PM's Burden Lies in Over-Selling "Acche Din"

Published: June 27, 2014 12:10 IST
(M.K.Venu is Executive Editor of Amar Ujala publications group)

Prime Minister Narendra Modi has claimed that his government has got much less of a "honeymoon period" than other regimes in the past. Indeed, the NDA government has looked somewhat besieged from the word go, and as it completes one month in office, there is worry over many economic challenges the government is likely to face in the months ahead.

The sharp increase in railway fares and the subsequent roll-back did dent Modi's image as a decisive leader. Mind you, this time around, the blame for the partial roll-back cannot be put on some intransigent ally because the BJP has a majority of its own. "Coalition Dharma" had ceased to be an excuse anymore.

Why did Modi roll back the hike in fares for suburban Mumbai trains? If it was because of the impending Maharashtra state elections, then Modi hasn't shown himself to be any different from other coalition regimes in the past which would constantly put off economic decisions with an eye on some assembly election around the corner.
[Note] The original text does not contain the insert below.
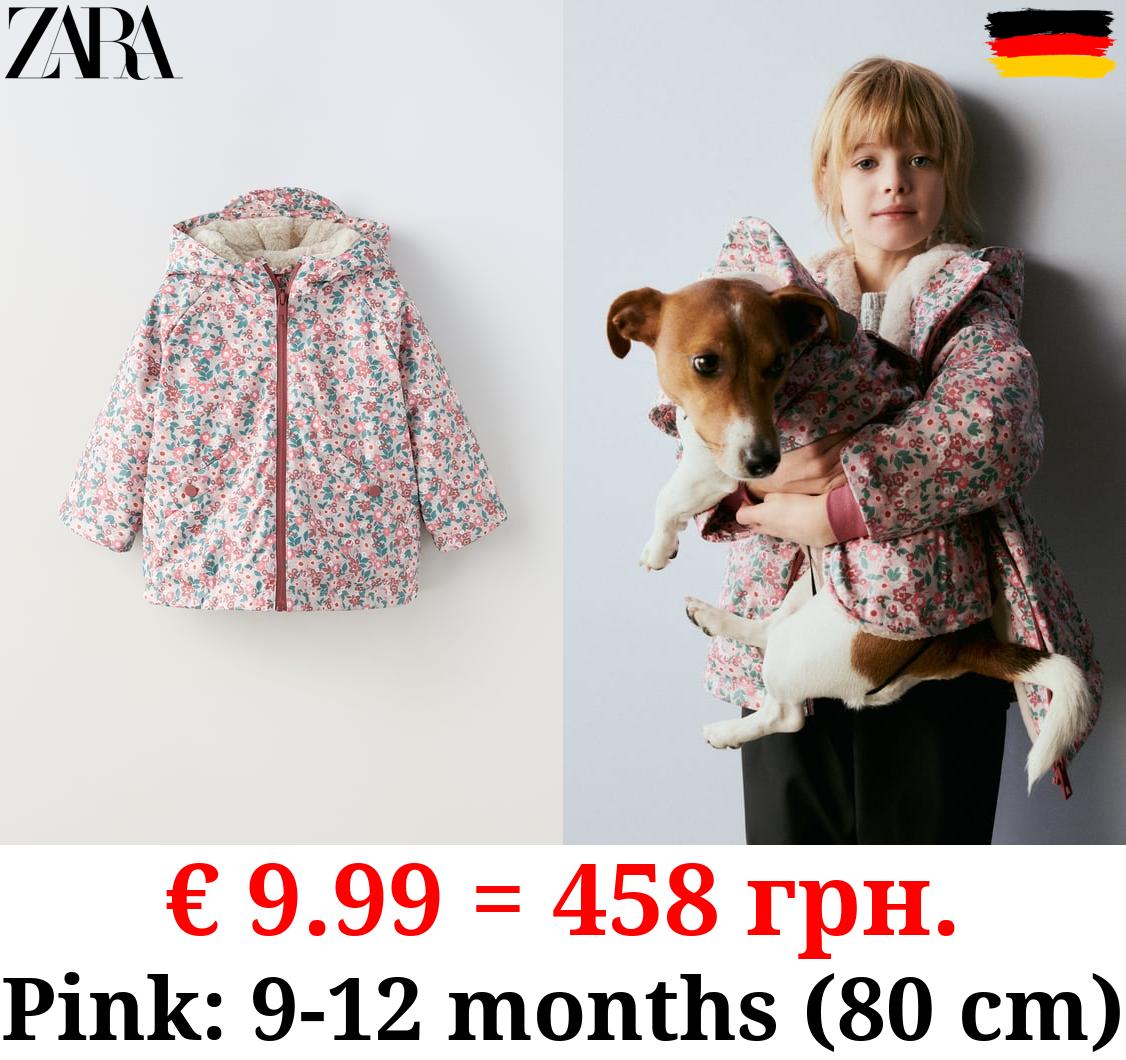 RUBBERISED FLORAL RAINCOAT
The fact that Modi has chosen to do it so early in his tenure, even after winning so convincingly in North and Western India,possibly betrays an attitude that can best be described as defensive. Why such defensive behaviour so early in the tenure?

The answer to this lies in the huge over-expectation of "Achhe Din" (good days) that Modi had built in his election campaign speeches. He promised everyone the moon against the backdrop of  sharply slowing growth and rising inflation which had essentially done the UPA in. But Modi realizes only too well that many economic problems are beyond the government's control and that his promise of "Achhe Din" will take time to materialise. Even with reasonably good economic management, it could take nearly two years to get growth crawling up to 6% and inflation down to 5% on a sustained basis.

We don't realize that cumulative consumer inflation of about 50% over the past four years has deeply eroded both rural and urban incomes. The negative wealth effect in terms of real erosion of real estate and stock values, especially in urban India, has caused lasting demand pessimism.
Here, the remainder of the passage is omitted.